Web page caption snippets

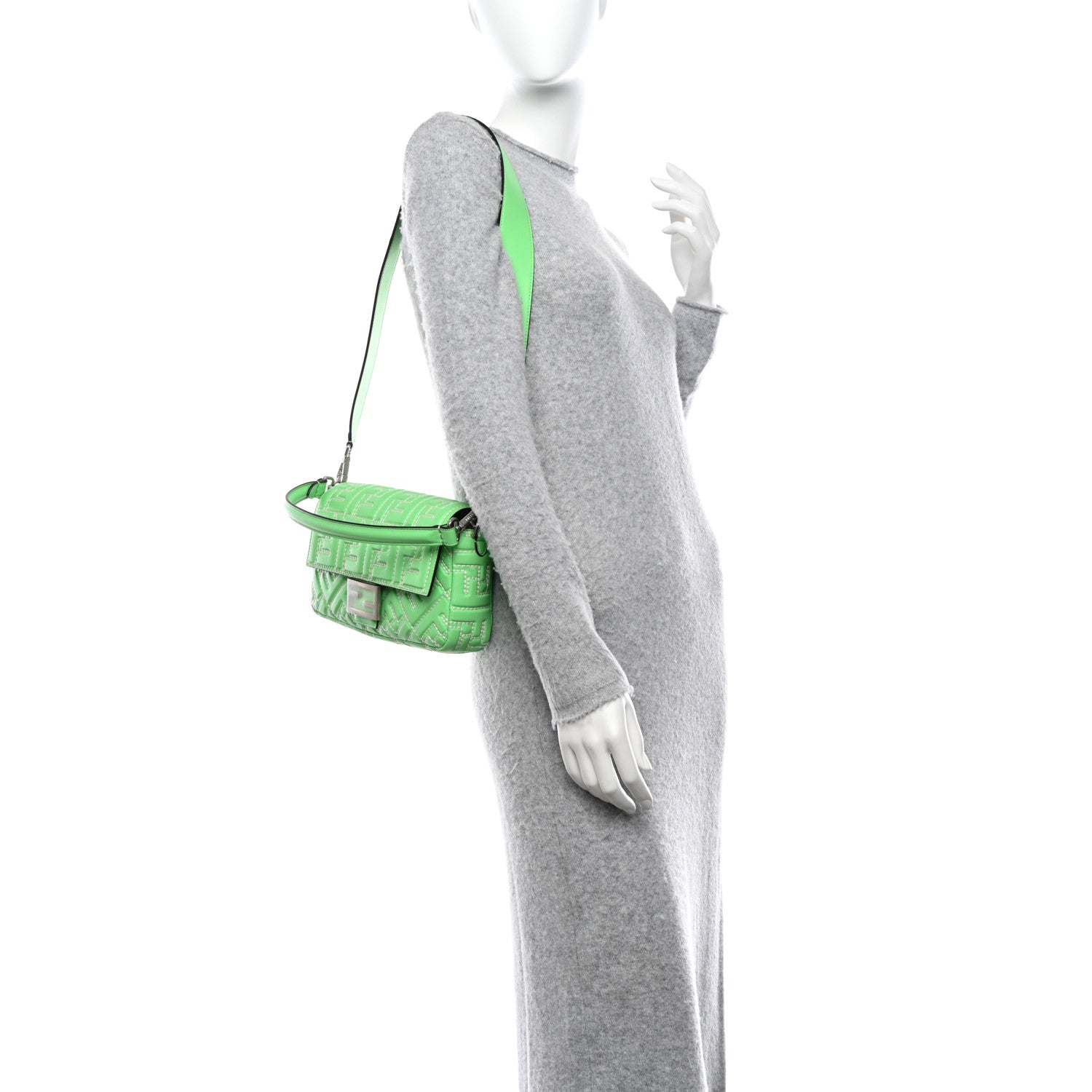 Fendi Nappa Stitched FF 1974 Embossed Baguette Edamame 2 of 10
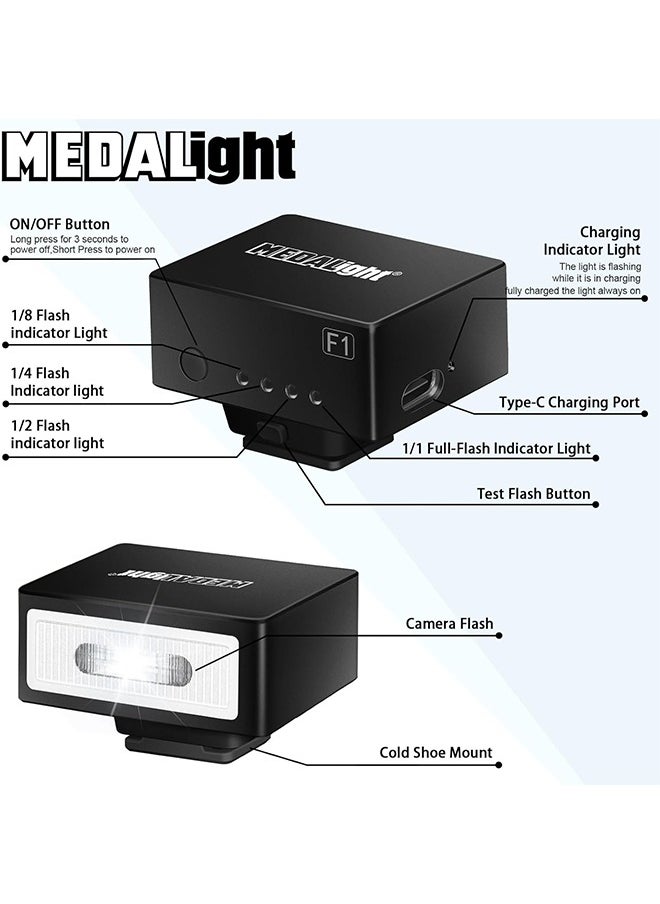 F1 Mini Camera Flash Camera Flash Speedlite for Ricoh (GR3/GR3X,etc.) Nikon/Canon/Fuji,Digital Film Cameras,Mini hot Shoe Flash for DSLR Camera（Not Compatible for Sony ZV-1F.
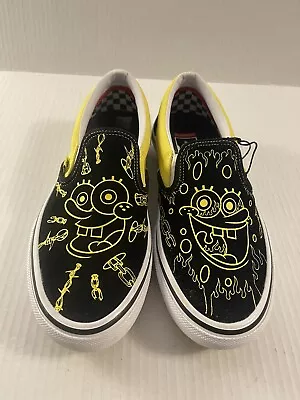 Vans SpongeBob Squarepants Gigliotti Mens Size 7 Slip On Shoe Pre-owned Yellow • $29.99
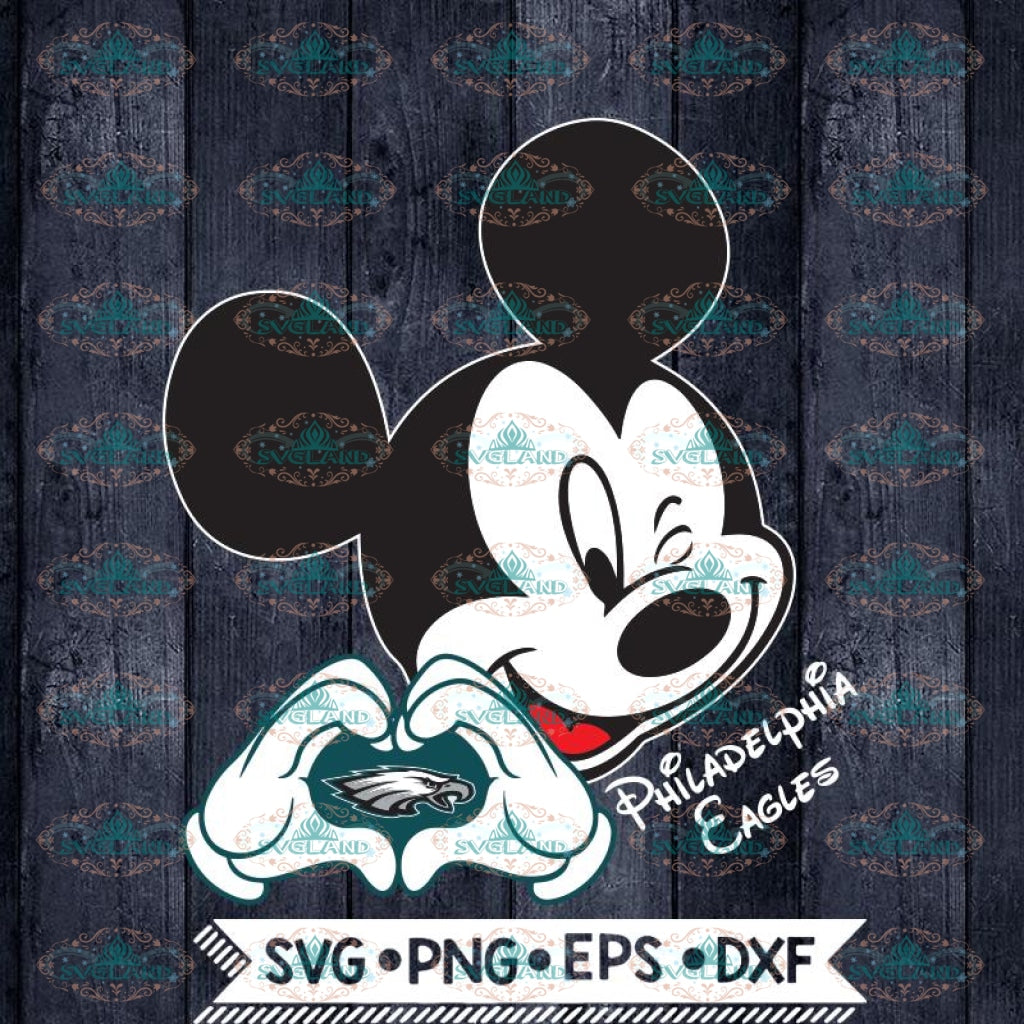 Philadelphia Eagles Svg Love Svg Heart Mickey Mouse Love Svg Nfl Sv Svglandstore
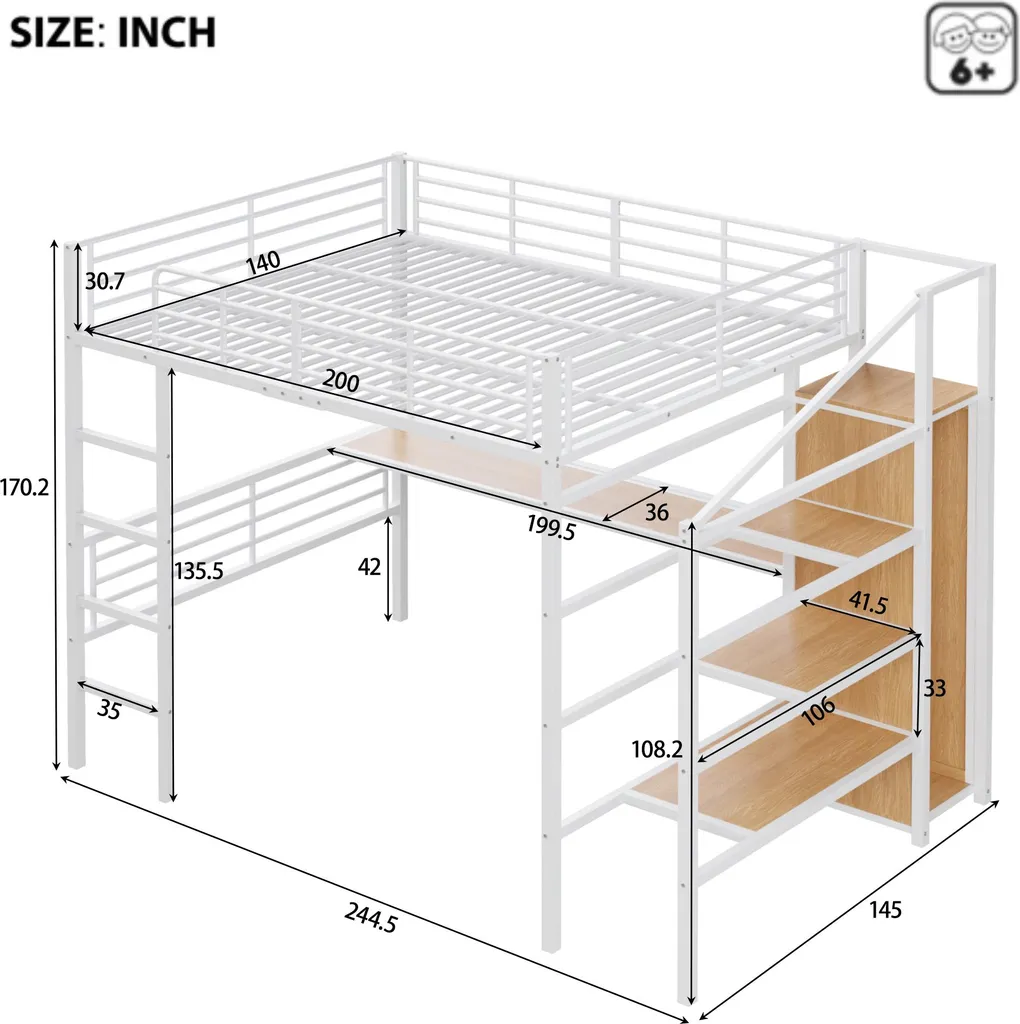 Lit Mezzanine Métal Blanc 140x200 cm avec Large Bureau Compact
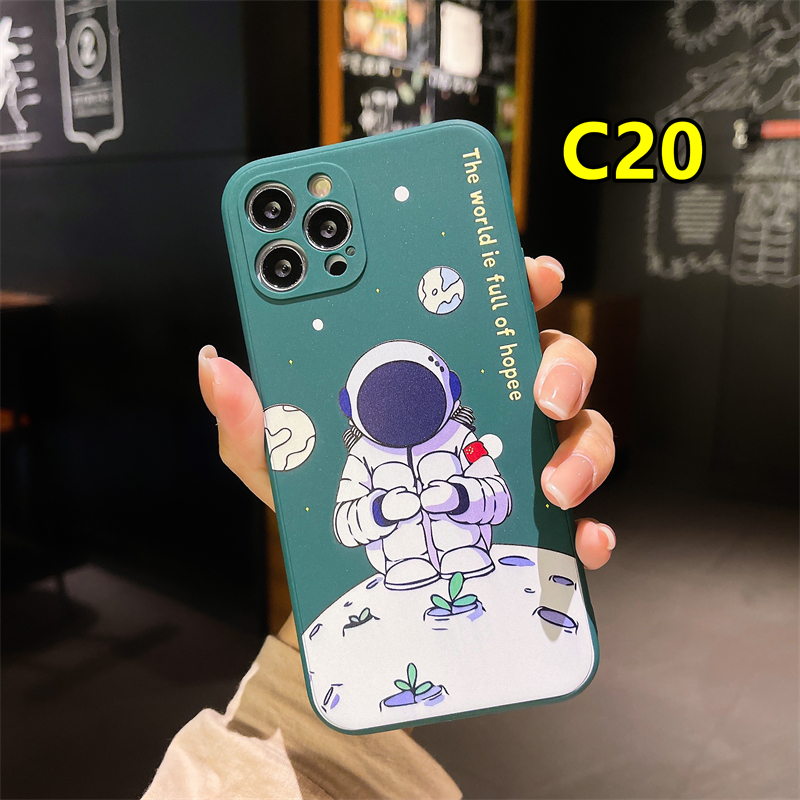 Cute Astronaut Moon Rocket Planet Soft Case Realme C21Y C11 2021 C15 C21 C25 C20 C12 C3 C25S 5 5S 5i 6i C17 7i C1 C25Y C2 C3i C20A realme Narzo 20 10 10A 20A 30A A54 A15 A16 A9 A5 A7 A5S A95 A53 A33 Y12 Y20 A12 Matte Cover-#C20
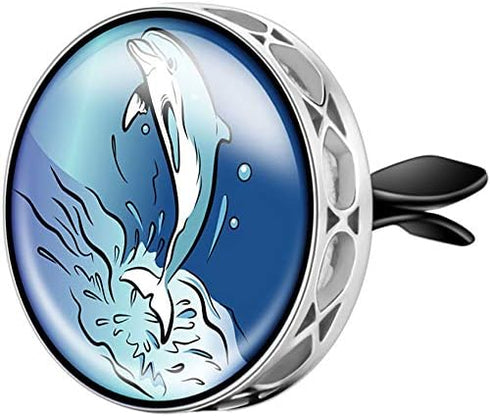 Wild Essentials Dolphin Essential Oil Car Vent Diffuser, Stainless Steel Locket Pendant with 8 Color Refill Pads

Task directions
Transcribe, from the records above, the first line and every line after it up to and including the line with "F1 Mini Camera"; omit pictures.

Solution to this exercise
 Fendi Nappa Stitched FF 1974 Embossed Baguette Edamame 2 of 10
 F1 Mini Camera Flash Camera Flash Speedlite for Ricoh (GR3/GR3X,etc.) Nikon/Canon/Fuji,Digital Film Cameras,Mini hot Shoe Flash for DSLR Camera（Not Compatible for Sony ZV-1F.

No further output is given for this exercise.